Please transcribe the data below in full. Omit any picture you find in it.
Data below:
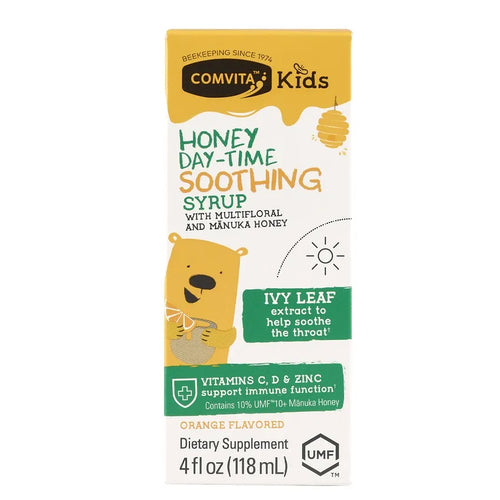 Comvita Kids Honey Day-Time Soothing Syrup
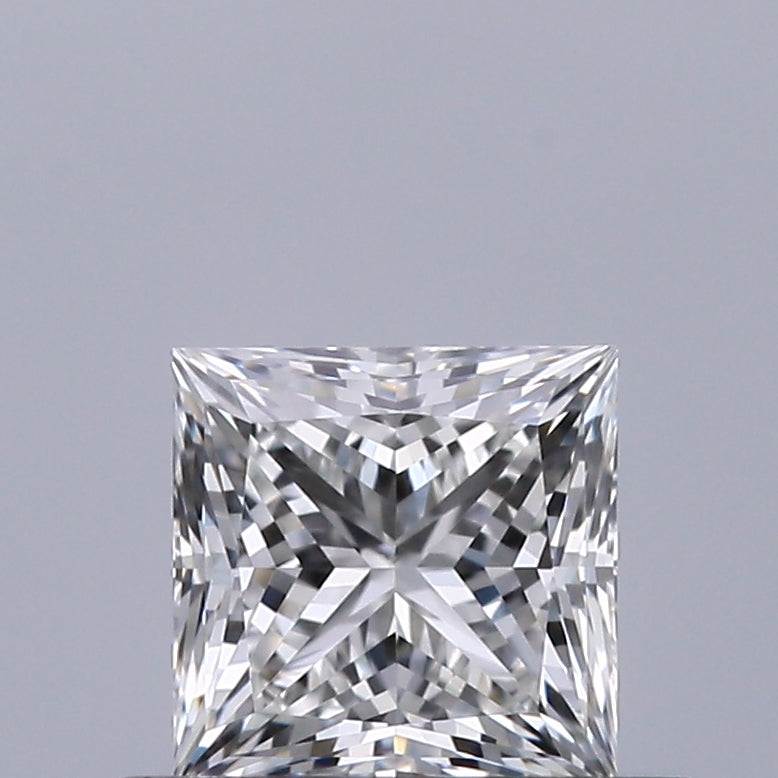 0.52 carat Princess diamond F VS1 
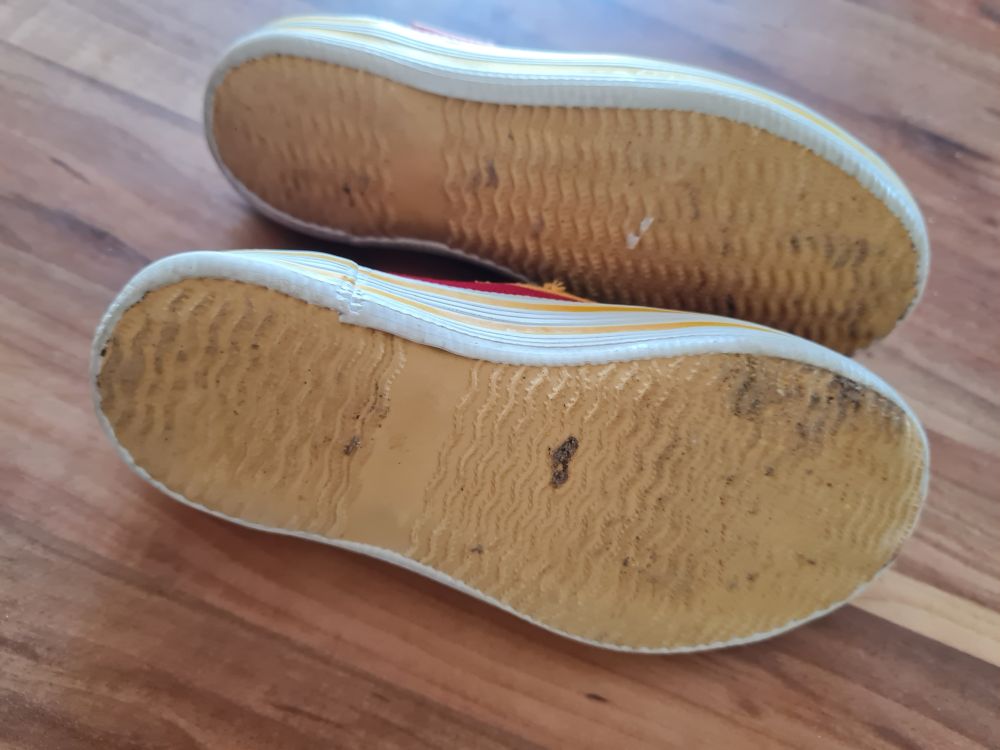 Hausschuhe, Gr. 23, Secondhand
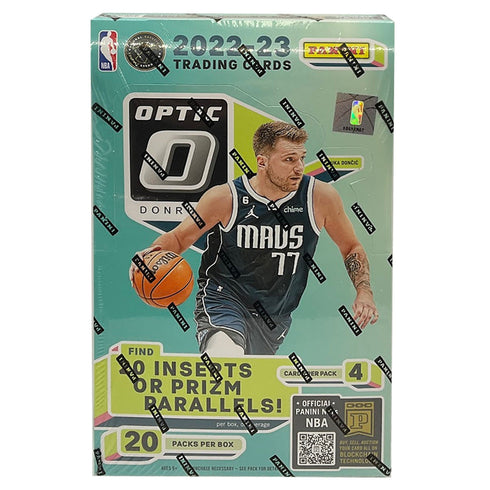 PANINI 2022 - 2023 Donruss Optic Basketball Retail Box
End of Data.
**Answer area:**
 Comvita Kids Honey Day-Time Soothing Syrup
 0.52 carat Princess diamond F VS1 
 Hausschuhe, Gr. 23, Secondhand
 PANINI 2022 - 2023 Donruss Optic Basketball Retail Box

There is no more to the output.